At Richardson Sales Performance, we’ve found it works best to enhance existing best practices with solid, relevant processes that appear native from the outset. Successful and sustainable deployment must navigate multiple situational, cultural and geographical factors in five several key ways. I share three below. You can access the other two in Richardson Sales Performance’s whitepaper or watch this 2-minute sales training video.
Measure the Frequency of Association of Each Verifiable Outcome
The idea is to isolate and substitute your most meaningful metrics for less effective ones. Stop tracking activities. In the first year, we advocate looking at the frequency of association of each verifiable outcome with an opportunity. Over time, frequency equals adoption.
- Further Reading:
- What’s on your dashboard for tracking sales performance? See Lazarz Consulting’s Top 10 sales metrics for effective sales performance management (SPM).
- Make better-informed sales decisions with these 8 critical selling metrics
- Crack the sales management code with groundbreaking research into industry best practices in Jason Jordan’s new book.
Vertically Embed a Leadership Discipline Across the Entire Organization
Most senior executives we speak to routinely travel with field sales professionals and sales managers on key calls to clients. This is an ideal opportunity to ask qualitative questions about verifiable outcomes. Where is the opportunity in the sales process? Being relentless about pipeline quality shows leaders where the greatest opportunity for enduring change lies.
- What we seen that’s worked: Companies success when they implement skip-level meetings between senior executives and the line, as well as direct contact with customers. They gain accurate visibility into their pipeline quality, and alter their strategies to close more deals before it’s too late.
- Further reading:
- Are you coaching the right reps? Even world-class sales coaching can be useless when you train the wrong people. Find out how you can improve sales performance by 19 percent—The dirty secret of effective sales coaching.
- Watch this video clip for tips for effective coaching to verifiable outcomes
Track, Measure and Use Data
Change management happens when you know what to change. This insight comes from capturing, analyzing and acting on the right set of data.
It has been our experience that an appropriate number of leading indicators, or verifiable outcomes, is between nine and 12 for a robust, solution-centric sales process. Clearly, it is also important to measure a few essential lagging indicators. We’ve found that many companies challenge their existing lagging indicators after they begin to examine their processes and sales effectiveness metrics.
- What we’ve seen that’s worked: Sales reps sell to their sales comp plans, so companies excel in selling when they incorporate quantifiable goals into their incentive compensation strategy. The most successful enterprises use a robust set of SPIFs and MBOs to motivate the sales behavior they want.
- Further reading:
- Choose which metrics and SPIFs will be most valuable in your sales comp plans with the article from David Cichelli, The Alexander Group—Get Sales Metrics Right.

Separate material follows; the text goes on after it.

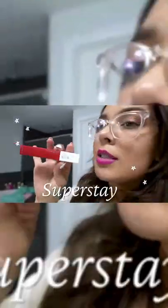Here's another recommendation in case you can't find that one. This is a Maybelline Superstay Matte Ink. This is amazing too.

- Find out the three best ways track verifiable outcomes in your CRM system in Richardson Sales Performance’s whitepaper.
Using Verifiable Outcomes Helps You Lead Not Lag
When you have the power to predict, you can course-correct before it’s too late. But sales organizations that don’t swap lagging indicators out for leading indicators will rapidly take the lead in front of their competitors. Sales organizations that don’t will soon find themselves lagging behind.
Why lag when you can lead?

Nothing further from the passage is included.